One interesting new feature I noticed in the Visual Studio 2010 beta 1 debugger: You can now turn watch expressions into little detached “post-it”-like notes that float around your debugger window. I’m calling them Watch Notes for now, since I have no clue what the feature is actually called.
You can create them by hovering the mouse over an expression. Like in previous versions, you’ll get the watch popup with the details and value of the expression, but notice the little Note-icon on the right:
If you click on it, the watch expression window will be moved to turn yellow and get detached. It keeps around during your debugging and works just like any expression in the real watch window (that is, it’s context sensitive and insensitive at the same time).
I think this is pretty nifty for some debugging helpers. They will even persist across debugger sessions! More interesting, you can add a brief descriptive text to each watch note and keep it visible (or hidden).
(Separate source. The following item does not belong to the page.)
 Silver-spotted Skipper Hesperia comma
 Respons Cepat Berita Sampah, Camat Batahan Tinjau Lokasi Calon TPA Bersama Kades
I think these will be very useful when debugging complex issues in small pieces of code, because for general debugging sessions when you go through lots of places in the code, they will get a bit in the way.
Something Fishy
Something I did not like, though, is that the note icon used to create these gets hidden away whenever you look into a complex expression that can be drilled down (i.e. one that has [+] next to it):
As soon as the expression properties is expanded, the note icon disappears, and since they always expand automatically as soon as you hover the the cursor over the expression and you need to move over it anyway to reach the note icon (otherwise, the whole popup disappears), then you have to go right away to collapse the properties before being able to create a watch note from the expression. This can get annoying real quick.